Task statement: Go through the entries below and pick out every line with "cotton".

Material shown:

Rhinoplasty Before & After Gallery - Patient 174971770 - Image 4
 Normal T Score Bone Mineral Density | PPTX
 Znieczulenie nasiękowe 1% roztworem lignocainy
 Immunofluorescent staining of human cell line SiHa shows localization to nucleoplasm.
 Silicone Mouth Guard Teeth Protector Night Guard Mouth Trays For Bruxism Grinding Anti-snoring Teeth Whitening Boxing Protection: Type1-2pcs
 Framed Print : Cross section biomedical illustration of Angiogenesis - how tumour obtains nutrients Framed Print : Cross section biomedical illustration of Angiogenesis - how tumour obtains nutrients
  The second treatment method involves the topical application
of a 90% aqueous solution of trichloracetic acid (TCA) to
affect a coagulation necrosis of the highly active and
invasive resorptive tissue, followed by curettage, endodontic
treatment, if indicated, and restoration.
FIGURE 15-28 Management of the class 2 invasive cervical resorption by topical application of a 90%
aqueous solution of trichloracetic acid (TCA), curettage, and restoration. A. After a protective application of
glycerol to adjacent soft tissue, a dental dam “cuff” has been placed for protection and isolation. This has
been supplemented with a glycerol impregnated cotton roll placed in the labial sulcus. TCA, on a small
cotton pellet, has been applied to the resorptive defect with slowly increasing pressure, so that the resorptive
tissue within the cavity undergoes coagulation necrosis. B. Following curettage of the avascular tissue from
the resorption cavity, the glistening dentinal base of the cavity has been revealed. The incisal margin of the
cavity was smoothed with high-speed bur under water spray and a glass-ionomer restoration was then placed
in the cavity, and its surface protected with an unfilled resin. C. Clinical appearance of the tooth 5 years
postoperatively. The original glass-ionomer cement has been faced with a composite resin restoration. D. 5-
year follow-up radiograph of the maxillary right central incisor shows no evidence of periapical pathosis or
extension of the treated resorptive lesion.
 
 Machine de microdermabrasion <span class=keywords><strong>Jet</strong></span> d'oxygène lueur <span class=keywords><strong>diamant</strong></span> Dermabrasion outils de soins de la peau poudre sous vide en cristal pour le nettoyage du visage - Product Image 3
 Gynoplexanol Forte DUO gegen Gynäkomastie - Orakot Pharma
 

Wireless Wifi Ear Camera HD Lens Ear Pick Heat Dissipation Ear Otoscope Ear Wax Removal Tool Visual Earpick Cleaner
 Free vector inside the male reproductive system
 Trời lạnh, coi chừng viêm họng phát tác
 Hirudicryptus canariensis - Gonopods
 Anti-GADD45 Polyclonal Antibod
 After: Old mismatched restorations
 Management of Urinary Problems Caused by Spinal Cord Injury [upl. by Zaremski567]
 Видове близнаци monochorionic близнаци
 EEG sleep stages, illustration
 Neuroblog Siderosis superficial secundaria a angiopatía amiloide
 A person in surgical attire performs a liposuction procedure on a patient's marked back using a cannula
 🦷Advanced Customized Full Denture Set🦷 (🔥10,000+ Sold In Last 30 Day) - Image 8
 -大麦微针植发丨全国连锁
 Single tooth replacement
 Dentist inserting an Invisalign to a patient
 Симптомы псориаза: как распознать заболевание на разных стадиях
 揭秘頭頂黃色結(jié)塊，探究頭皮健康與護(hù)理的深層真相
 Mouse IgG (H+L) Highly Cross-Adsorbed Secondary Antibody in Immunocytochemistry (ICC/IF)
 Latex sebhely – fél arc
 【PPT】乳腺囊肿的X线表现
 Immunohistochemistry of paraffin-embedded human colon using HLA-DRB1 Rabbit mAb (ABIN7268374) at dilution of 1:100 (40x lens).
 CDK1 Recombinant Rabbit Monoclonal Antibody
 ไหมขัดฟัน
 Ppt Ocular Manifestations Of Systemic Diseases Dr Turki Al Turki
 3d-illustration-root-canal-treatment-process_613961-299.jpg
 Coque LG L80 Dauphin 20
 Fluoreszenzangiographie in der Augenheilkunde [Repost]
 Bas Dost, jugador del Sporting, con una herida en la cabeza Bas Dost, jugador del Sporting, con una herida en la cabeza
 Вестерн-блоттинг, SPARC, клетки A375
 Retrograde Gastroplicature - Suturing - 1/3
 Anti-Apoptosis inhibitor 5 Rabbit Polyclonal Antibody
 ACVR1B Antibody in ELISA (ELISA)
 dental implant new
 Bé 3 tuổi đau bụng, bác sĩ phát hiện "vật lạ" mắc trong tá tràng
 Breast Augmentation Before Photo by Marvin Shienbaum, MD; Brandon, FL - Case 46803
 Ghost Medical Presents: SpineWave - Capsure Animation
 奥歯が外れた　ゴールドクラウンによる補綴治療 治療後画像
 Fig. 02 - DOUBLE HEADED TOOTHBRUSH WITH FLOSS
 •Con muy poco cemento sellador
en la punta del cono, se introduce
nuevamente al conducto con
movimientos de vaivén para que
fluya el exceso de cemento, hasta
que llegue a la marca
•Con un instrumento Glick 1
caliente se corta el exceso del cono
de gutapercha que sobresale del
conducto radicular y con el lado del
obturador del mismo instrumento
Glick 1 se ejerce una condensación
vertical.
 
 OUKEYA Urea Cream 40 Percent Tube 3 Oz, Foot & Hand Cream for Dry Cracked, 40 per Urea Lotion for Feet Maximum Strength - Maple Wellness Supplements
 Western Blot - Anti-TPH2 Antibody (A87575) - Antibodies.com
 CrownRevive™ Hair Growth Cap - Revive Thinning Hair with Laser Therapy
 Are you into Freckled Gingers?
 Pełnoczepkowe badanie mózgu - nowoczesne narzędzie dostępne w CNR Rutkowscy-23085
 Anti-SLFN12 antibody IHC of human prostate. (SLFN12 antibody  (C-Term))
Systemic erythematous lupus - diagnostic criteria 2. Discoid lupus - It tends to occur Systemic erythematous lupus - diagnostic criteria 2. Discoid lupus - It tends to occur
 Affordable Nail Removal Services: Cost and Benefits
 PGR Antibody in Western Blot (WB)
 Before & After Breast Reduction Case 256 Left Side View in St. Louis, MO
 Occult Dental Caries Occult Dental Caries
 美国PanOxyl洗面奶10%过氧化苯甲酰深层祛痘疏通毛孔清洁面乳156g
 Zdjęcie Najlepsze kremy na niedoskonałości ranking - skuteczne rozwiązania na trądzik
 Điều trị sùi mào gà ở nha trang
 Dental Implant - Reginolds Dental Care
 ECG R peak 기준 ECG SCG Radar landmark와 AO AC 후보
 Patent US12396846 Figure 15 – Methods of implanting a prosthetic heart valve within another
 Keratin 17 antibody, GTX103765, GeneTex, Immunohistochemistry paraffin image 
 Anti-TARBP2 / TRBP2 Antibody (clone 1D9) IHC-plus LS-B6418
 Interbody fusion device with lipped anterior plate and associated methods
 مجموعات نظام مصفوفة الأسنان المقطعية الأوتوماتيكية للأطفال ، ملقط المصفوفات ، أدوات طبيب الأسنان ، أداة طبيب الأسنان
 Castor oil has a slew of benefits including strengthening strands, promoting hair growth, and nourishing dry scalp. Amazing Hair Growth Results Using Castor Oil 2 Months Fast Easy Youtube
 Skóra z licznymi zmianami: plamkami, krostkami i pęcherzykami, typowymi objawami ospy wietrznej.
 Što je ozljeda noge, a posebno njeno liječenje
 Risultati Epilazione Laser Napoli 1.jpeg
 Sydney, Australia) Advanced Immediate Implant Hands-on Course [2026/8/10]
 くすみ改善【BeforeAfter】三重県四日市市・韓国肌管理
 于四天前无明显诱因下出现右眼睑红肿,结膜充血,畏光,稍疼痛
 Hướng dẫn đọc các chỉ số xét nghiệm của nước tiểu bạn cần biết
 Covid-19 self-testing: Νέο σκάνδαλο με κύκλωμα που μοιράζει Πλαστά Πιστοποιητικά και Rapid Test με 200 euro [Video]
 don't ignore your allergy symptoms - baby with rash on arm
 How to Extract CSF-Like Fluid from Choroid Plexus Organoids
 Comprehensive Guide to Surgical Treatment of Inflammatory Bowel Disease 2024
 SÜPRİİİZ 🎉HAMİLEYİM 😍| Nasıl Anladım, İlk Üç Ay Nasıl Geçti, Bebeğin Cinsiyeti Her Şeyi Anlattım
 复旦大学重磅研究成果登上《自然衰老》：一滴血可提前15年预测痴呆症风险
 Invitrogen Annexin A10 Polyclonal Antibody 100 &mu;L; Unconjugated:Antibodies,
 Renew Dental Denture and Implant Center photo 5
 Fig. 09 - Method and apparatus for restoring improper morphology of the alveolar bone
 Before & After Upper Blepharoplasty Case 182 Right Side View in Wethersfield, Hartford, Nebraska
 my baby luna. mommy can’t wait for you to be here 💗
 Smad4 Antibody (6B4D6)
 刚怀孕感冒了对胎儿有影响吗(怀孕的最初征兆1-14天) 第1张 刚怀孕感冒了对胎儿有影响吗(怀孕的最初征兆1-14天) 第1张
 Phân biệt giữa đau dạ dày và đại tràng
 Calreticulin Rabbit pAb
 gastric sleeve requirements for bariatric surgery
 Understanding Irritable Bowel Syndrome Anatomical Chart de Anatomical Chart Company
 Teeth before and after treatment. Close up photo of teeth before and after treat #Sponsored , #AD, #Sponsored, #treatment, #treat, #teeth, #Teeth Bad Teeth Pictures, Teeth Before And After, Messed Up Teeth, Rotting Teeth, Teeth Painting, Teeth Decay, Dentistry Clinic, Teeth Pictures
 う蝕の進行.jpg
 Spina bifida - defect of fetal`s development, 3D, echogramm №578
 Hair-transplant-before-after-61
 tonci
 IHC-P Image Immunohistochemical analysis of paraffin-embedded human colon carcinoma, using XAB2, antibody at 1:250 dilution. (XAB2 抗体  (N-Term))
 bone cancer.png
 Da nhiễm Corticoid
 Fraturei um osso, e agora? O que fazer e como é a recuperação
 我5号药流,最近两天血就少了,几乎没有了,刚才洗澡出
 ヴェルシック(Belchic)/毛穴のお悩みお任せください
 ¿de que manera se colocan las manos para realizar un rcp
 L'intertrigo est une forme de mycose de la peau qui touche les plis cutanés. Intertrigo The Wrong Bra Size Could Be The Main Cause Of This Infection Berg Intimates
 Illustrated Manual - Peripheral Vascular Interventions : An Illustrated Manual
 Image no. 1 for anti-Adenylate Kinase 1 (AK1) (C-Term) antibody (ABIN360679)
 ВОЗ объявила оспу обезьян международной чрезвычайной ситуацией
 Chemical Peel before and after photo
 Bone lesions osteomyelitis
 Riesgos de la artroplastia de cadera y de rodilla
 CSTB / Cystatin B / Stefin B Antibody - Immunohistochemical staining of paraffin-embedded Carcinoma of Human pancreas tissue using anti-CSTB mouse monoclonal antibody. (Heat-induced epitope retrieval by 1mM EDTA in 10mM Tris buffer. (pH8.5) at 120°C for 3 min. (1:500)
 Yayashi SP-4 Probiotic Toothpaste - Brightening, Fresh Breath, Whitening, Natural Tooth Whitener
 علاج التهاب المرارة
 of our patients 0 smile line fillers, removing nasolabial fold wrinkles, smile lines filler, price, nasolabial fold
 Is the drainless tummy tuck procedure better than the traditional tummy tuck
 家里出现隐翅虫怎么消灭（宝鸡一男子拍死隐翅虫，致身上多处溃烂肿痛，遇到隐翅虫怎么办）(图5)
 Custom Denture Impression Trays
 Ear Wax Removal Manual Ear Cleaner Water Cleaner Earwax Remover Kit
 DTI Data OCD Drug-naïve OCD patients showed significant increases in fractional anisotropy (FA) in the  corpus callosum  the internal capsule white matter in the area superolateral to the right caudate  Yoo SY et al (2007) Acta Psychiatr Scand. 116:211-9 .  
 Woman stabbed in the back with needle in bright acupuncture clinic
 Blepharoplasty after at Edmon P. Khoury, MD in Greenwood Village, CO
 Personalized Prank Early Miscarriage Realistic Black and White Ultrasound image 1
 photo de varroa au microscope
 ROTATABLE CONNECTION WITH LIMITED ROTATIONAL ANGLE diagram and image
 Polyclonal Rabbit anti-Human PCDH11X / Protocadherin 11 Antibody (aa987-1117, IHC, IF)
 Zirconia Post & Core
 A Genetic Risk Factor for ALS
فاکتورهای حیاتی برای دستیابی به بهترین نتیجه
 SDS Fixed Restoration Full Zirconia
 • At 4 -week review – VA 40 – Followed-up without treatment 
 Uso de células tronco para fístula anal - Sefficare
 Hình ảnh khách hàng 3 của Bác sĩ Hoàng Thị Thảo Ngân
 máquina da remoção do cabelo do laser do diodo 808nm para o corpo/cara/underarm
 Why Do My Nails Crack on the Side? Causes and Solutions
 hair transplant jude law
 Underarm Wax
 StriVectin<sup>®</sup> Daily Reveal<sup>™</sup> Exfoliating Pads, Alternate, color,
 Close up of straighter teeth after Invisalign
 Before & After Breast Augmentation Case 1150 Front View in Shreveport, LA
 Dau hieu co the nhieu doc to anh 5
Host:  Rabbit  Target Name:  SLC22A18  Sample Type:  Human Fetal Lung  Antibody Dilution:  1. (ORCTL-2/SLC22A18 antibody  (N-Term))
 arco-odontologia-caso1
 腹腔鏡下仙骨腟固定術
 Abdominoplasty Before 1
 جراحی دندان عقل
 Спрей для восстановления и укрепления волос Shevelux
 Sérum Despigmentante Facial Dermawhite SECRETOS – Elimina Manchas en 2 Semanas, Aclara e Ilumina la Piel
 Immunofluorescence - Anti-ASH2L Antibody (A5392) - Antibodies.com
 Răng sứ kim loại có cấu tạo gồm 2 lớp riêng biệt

Response to the task:
been supplemented with a glycerol impregnated cotton roll placed in the labial sulcus. TCA, on a small
cotton pellet, has been applied to the resorptive defect with slowly increasing pressure, so that the resorptive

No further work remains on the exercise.